Is the " G " (US) rated movie an endangered or extinct species?

When was the last time you even saw a G rated movie come to box office? I’m not saying you had to pay to see it, I’m just wondering when was the last time one even existed. What is the cause?

My guess is that there are enough jokes for the parents that are meant to fly right over the heads of the kids to make a G impossible.

The conventional wisdom in the movie industry seems to be that a G-rated film will be limited in its appeal, to families with small children. Most “kids’ movies” that make it to theaters are developed to make sure that they’ll appeal to older kids, and adults, as well, which usually means content that drives a PG.

Even Disney, the home of family entertainment, has been going for PG ratings for its tentpole movies for several years.

ISTM that if a character is depicted smoking a cigarette, it gets a PG rating now.

At least, that’s the impression I get from the TV ratings, where old, general-release movies are given a ‘more mature’ rating that they had 40 or 50 years ago.

Realistically, probably the issue is that making a feature 3D animated film is a pretty big and technologically advanced affair. You’re not going to get those guys to make a Strawberry Shortcakes movie. They’re going to talk themselves into something with a reasonable plot and some adult jokes, regardless of what market forces might demand.

Looks like the most recent one of any note was THE PEANUTS MOVIE – made on a budget of $99 million, grossed $246 million (most of that domestic).

It seems to be kind of random, and probably depends more on who they’re marketing for vs. the actual content.

I mean, why is “Planes” PG, and “Cars” G? Or even weirder, why is “Finding Nemo” G, and “Finding Dory” PG?

“Finding Nemo” came out in 2003, when the studios were more willing to have a G rating on a family film.

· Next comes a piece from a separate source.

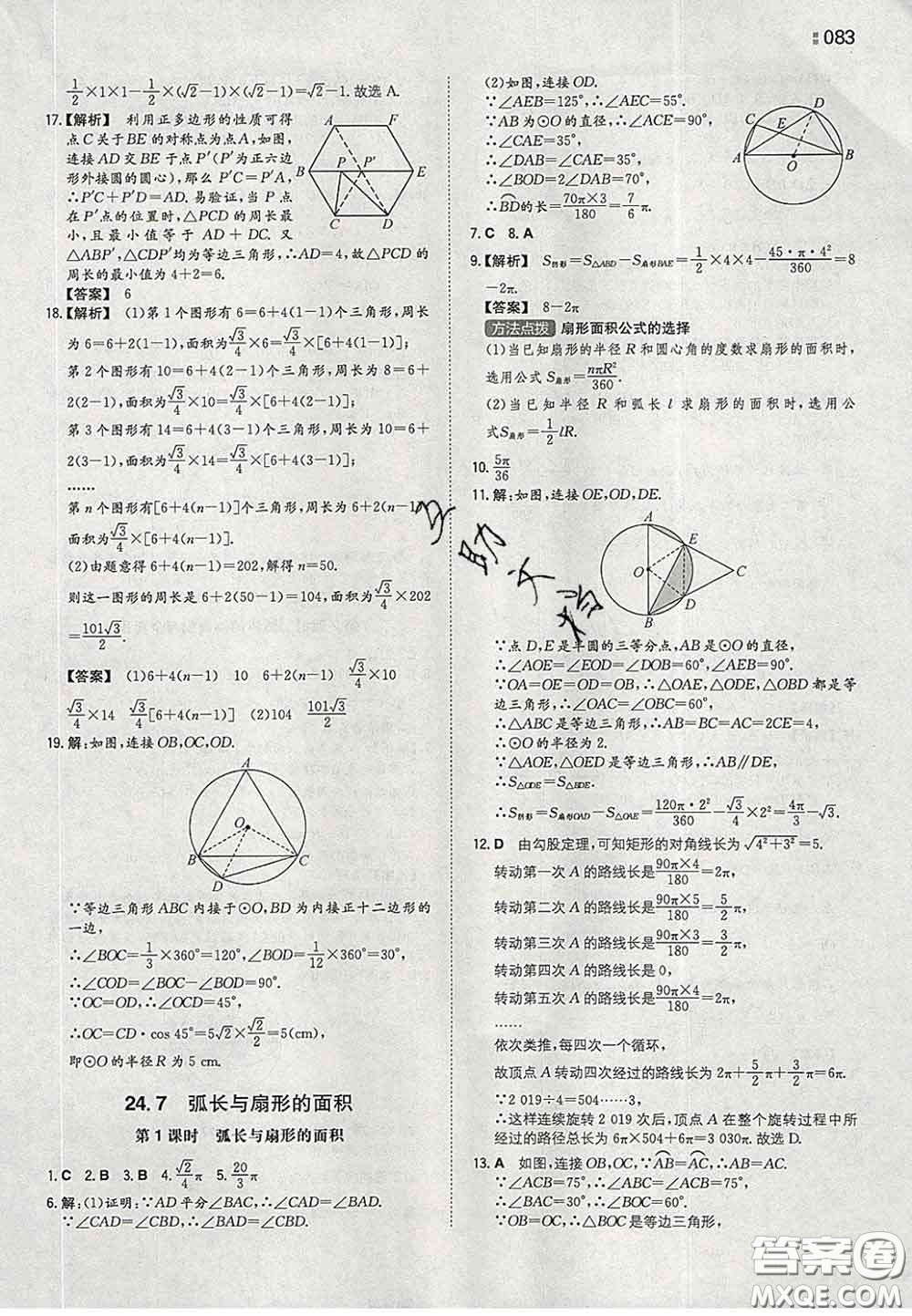 2020新版一本同步訓(xùn)練初中數(shù)學九年級下冊滬科版答案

Which is contrary to the ostensible purpose. G is a General Audiences rating, which means it should be for everyone (potentially), including kids and adults, such that the adults feel comfortable that the kids aren’t going to be asking them any interesting questions later on. By that standard, a few jokes that pass the kids by entirely but briefly entertain the parents should be fine, especially if you assume the kids will be watching the film alone.

That fell victim to what I’ll call the Censor’s Dilemma: If you know enough to censor something, you know enough to pick out all of the hidden moments you think ought to be censored. This leads to you turning interesting shades of purple at things the people you’re supposed to be protecting have no idea are interesting in the slightest, leading to them doing research, and then the world ends in fire and flame. Point being, G films got so controlled that only the lightest and fuzziest of kids shows qualify, which is the kiss of death to any movie which wants a large audience. PG-13 is pretty much the minimum rating for profitability, and kids films try hard to pull at least a PG so they’re not ghettoized completely.

Goodness knows, nothing like that would have went in the Code Era, when adults weren’t ready for adult themes and had to be protected from them at all costs.

I haven’t bothered to check, but are any of those recent Christian-themed films like God’s Not Dead or Miracles from Heaven rated G?

Nope. Both PG, God Snot Dead for “thematic material, brief violence and an accident scene”, Miracles from Heaving for “thematic material, including accident and medical images”. Gotta draw in the marks with some tasty gore, I imagine.

God’s Not Dead 2: Dead and Deader was PG as well, for “thematic elements”, which really makes me wonder: Was the pay-off large enough to ensure a PG rating, or was it too small to avoid one? Oh well, I’m sure God’s not Dead 3: Dead Harder will get the beloved G rating.

Heaven is for Real was also PG.

Your typo made me laugh! :smiley:
I got this image of God with a runny nose!

See what I said about jokes that slip right past some people?

Not well known , but to rate movies you have to be a parent.

Gavin Stone appears to be PG if my 5 seconds of google fu is correct.

The Eagle Huntress, released four days before the Peanuts Movie, is also rated G.

I didn’t hear about it, either.
so was The Secret Life of Pets, released in July

“The Straight Story” was rated G, but that was several years ago.

(Two phrases I never thought I would see on the same title card:

“Walt Disney Pictures Presents”


“A film by David Lynch”)

Here’s Box Office Mojo’s list of top grossing G-rated movies. Click on the header to see the ranking’s for other ratings.

I choose the 10th film in each category for comparison. (Unadjusted* domestic gross and number of films since 2010 in the top 10.):

G Aladdin $217,350,219 2
PG Inside Out $356,461,711 6
PG-13 The Hunger Games: Catching Fire $424,668,047 6
R Saving Private Ryan $216,540,909 3

Glancing over the lists in general shows that the G category is maybe slightly healthier than the R category for recent films but well behind PG and way behind PG-13.

Deadpool and American Sniper may help revive the R category. I don’t see anything changing the prospects of the G category.

Not dead, not dying dying. And immensely better than NC-17.

  • Unadjusted for inflation is good here. It puts more recent films at the top of the list.

Box Office Mojo and IMDB both list Secret Life of Pets as PG.